Precedent is of the first importance in law for the protection of individual rights. The law must be certain -- i.e., not only must the law be reasonably precise but decisions of the courts. must be reasonably predictable, so that people may know when they are acting within their rights, and may embark on a course of action with reasonable assurance that the rules will not be changed in the middle of the game. This is no less true of ethical laws. The standards of right and wrong, of praise and blame, should change only gradually, slowly, piecemeal, so that people can become accustomed to the new rules. This gradualness assures the maximum of social cooperation and even of progress. This is the element of truth in conservatism, in so far as this reflects a philosophy of gradualism. New rules and standards must be tested by a minority before they are adopted by or enforced on everyone.

Let us put this in still another form. Why is devotion to duty important? Because it means following a recognized and established rule. Why is following an established rule important? Because these rules are the product of millions of individual decisions in millions of situations and embody the accumulated experience and wisdom of the race. Because following these established rules has been found to have the consequence in the long run of maximizing human harmony, cooperation, and well-being (or of minimizing human discord and strife). And finally, because it is necessary that we should be able to depend on each other's reactions and responses. If we stopped before each act or decision to make a fresh calculation of the probable consequences of action A, B, C, or N, if we decided to "judge each case on its merits" without regard to any established rule or principle of action, others could not depend on our actions or responses. The primary basis of human cooperation, which is mutual dependence on each of us playing his expected role, would be undermined or destroyed.

In a symphony, every player and instrument has his or its assigned role in carrying the theme or producing the harmony. Any false or untimely note from any instrument, any failure in tempo or synchronization, would spoil the cooperative result. So with the symphony of life.

This brings us to a still further corollary. Even a rather poor ethical rule is better than no rule at all. This is again because we need to know in our daily actions what to expect of each other, because we are obliged to rely on each other's conduct, and must be reasonably able to count in advance on what the action of others is going to be.

Perhaps an analogy with traffic laws will make this clearer. A rule that permits you to turn right at a red light may be better or worse than a rule that forbids you to turn right at a red light. A rule that one must drive on the right side of the road may be better or worse than a rule that one must drive on the left side. But it is much more important that we adopt and abide by even the inferior rule (whichever it is) than that we adopt no rule at all. For in the former case each driver knows what to expect of the other drivers; in the latter case he does not know what to expect, and the number of arguments, snarls, and accidents is bound to increase.

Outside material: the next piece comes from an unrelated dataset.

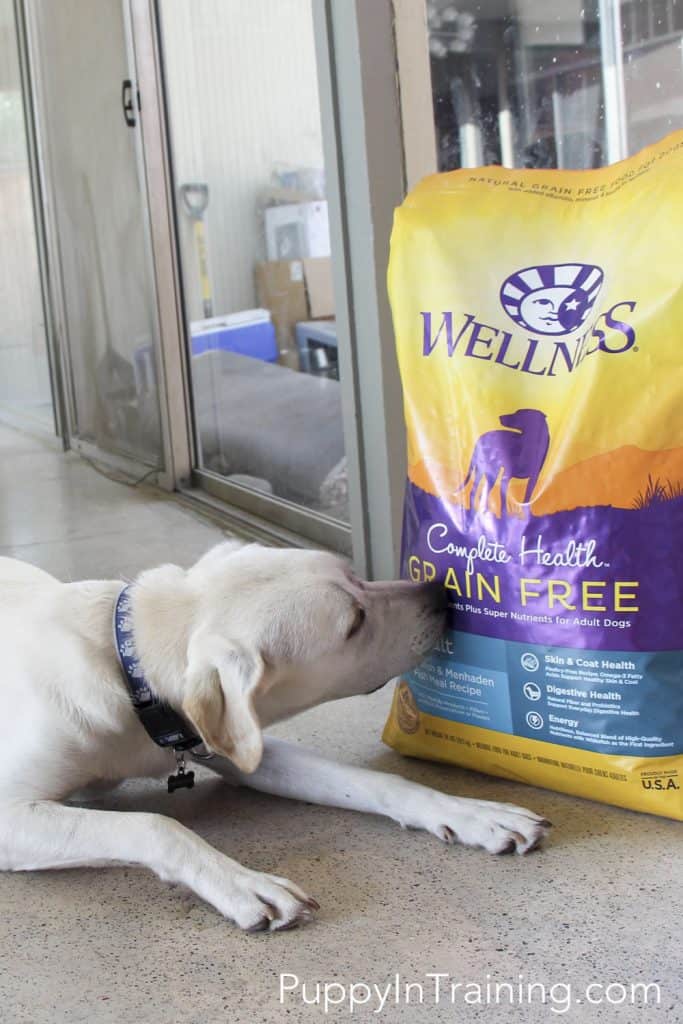 New Wellness Complete Health Line Dog Food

Let us summarize the conclusions at which we have arrived. The existing Common Law and the existing Moral Tradition deserve tremendous respect from each of us because of the process by which they have come into being. The Common Law is the product of the hundreds of thousands of decisions by thousands of judges passing on specific cases, trying not only to settle each of them but to settle it on the basis of established precedents and principles acceptable to both sides. (Scientists and "advanced thinkers" often ridicule the law and lawyers for their "blind" deference to precedents. But this is what gives certainty to the law. This is what allows people to know that they have certain rights that others are bound to respect; to know what it is that they have a right to expect from others and can reasonably depend on from others when they make their own plans.) And what applies to the Common Law applies to the Moral Tradition (or "common-sense" morality, or the moral consensus) multiplied a hundredfold. From the beginning of time, all of us have experienced daily conflicts, disputes, problems of division, precedence, priority, and "fairness," and in seeking to resolve these have sought to do so on the basis of consistent or accepted principles that would also appeal to others. Our "common-sense" morality is the composite product of these immemorial millions of judgments and decisions.

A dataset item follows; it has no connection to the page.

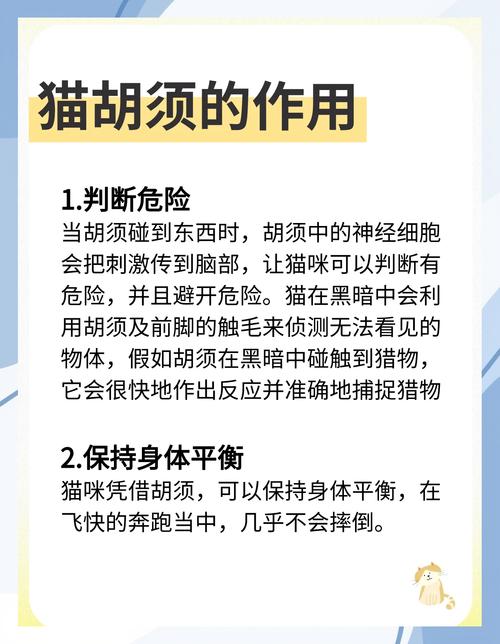 猫胡子剪了一半要紧吗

4. "Always Follow the Rule -- Unless"

The practical course to which all this leads is clear. We should abide by the morality of common sense, we should abide by the conventional rules of conduct of our time and place, whatever they happen to be, unless in some particular case we have strong reasons for departing from the rule. We should never refuse to abide by an established moral rule merely because we cannot understand the purpose of it. No single person can be in a position to know all the experiences, decisions, and considerations that have caused a moral rule to take some particular form.

This is the great element of practical truth (though not of "self-evidence") in the injunction of Sir David Ross that we should always abide by what he calls our "prima facie duties" even when we cannot see in some particular case precisely how this will promote our own individual well-being or even the well-being of our community in the long run. Our general maxim should be this: Always follow the established moral rule, always abide by our prima facie duty, unless there is a clear reason for not doing so.

This is little more than the general form of Mark Twain's sarcastic admonition: "When in doubt, tell the truth." When in doubt, follow the established moral rule.

The burden of proof must be upon the exception, or upon the alleged moral innovation. In fact, it should be a large part of the aim of the moral philosopher to discover the reasons for an existing moral rule, or the function that it serves. (14) If each of us were free to change or to ignore the traditional moral code at whatever point it did not suit him, or even at whatever point he did not fully understand the reason for its application, the code would lose all its authority.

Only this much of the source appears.